When a member of an online community announces they are leaving, usually after a protracted disagreement with other members of the community.
“I’m gone. You all enjoy your little discussions.”
This definition really needs to be expanded to include the serial flounce or the flounce yo-yo, those that rejoin communities after a melodramatic exit, usually with much pomp and grandiosity, only to leave again ad nauseam. And with guilt laid on with a trowel.
At the core of this dumbness is a basic reality – some folks should just leave the internet alone, for all our sakes, but especially their own. The old maxim is as valid is ever – if you can’t stand the heat, stay out of the kitchen. To venture into any online community with the assumption that you will never receive criticism, and even occasional abuse, is beyond simply naive – it is fragile Pollyannaism. Especially when you spend significant amounts of time criticising others whilst perched precariously on a self-constructed moral high ground.
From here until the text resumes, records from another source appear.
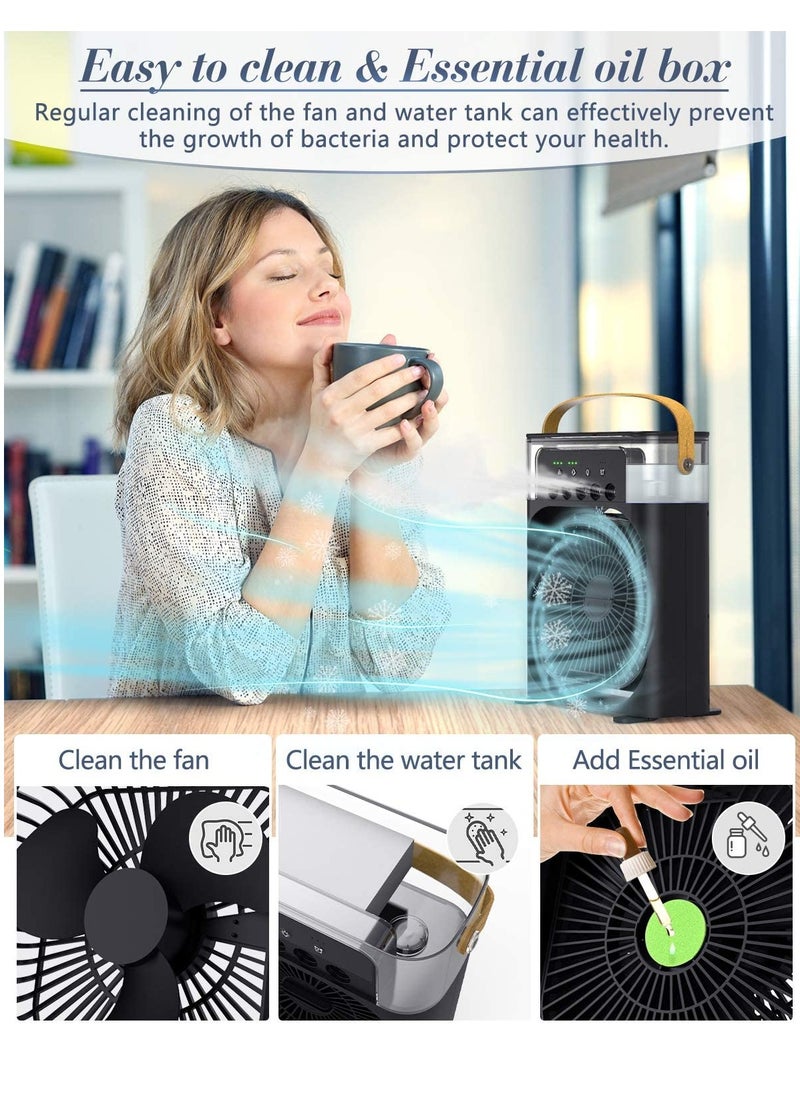 Generic Portable Air Conditioner Fan Mini Evaporative Air Cooler with 7 Colors LED Light 1/2/3 H Timer 3 Wind Speeds and 3 Spray Modes for Office Home Dorm Travel(Black)  - Image 4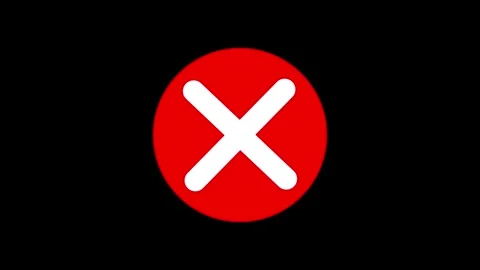 Animated red circle with white cross symbol appearing on black background. 库存影片 337444062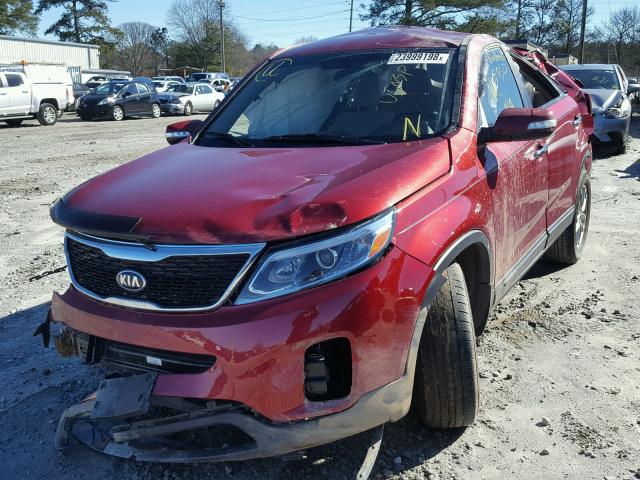 5XYKT3A62FG557810 - 2015 KIA SORENTO LX RED photo 2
It courts psychological disaster.
These serial flouncers should, in ideal circumstances, be little more than comedy relief or a sideshow distraction. People to poke fun at, fish to dangle baited hooks before and watch the reactions. And in an old, pre-web and pre-unwashed masses internet, they were. There was little pity for amateur dramatics and self-pitying onanism. It was dealt with ruthlessly and the world was a better place.
Unfortunately now, with sensitivity training rammed down our throats at every turn, and gratuitous displays of sympathy being elevated to some kind of mark of a greater humanity, the territory is ripe for opportunistic exploitation by the professional flouncer. They descend to feed on this sympathy like vampires.
In many ways this is like hypochondriacs feigning illness to collect get well soon cards. There is nothing humble about the flouncing grievance process. It is intentionally made public, with extra nauseating punch when done via a proxy manipulated into doing it for them, and it is done with the knowledge and expectation of a gush of obligatory, even mandatory, condolences. It is ultimately an exercise in mindless self-gratification.
Having irreconcilable differences with online forums is not in itself that unusual. It happens to most people at some point or another – there’s no shortage of fora out there that are either simply deranged, derangedly censorious, are incoherent gibberish or all of the above. The dignified response is to simply walk away – no announcements, no press conferences. If other fora members feel you have been treated unfairly, or will feel loss if you no longer contribute, they will usually contact you. There is no need for town criers. But this course of action is too risky for the flounce – it runs the risk of the devastating realisation that maybe nobody cares. Hence the compulsion to make a highly visible exit – and thus force your hand and obligate expressions of sympathy from other members who really don’t want to run the risk of being labeled heartless bastards and bitches.
This approach is scientific and reproducible. You can test this for yourself. Next time you witness a flounce, instead of joining the sympathy chorus, try suggesting they –
- stop taking everything so seriously
- stop taking everything so personally
- stop assuming every comment that is posted is addressed to them personally
- lighten up
- grow a hide
- consider that perhaps a 100% of the problem is not always 100% of the other person’s fault
– and watch yourself become an instant pariah. This is the converse of the sympathy violin game and where the real damage to online communities is done. The serial flounce subtly alters the forum ecology and silently introduces a tacit regime of censorship – the flounce insinuates itself as an endangered species deserving of special considerations and protections, and that the forum had better respect this or else.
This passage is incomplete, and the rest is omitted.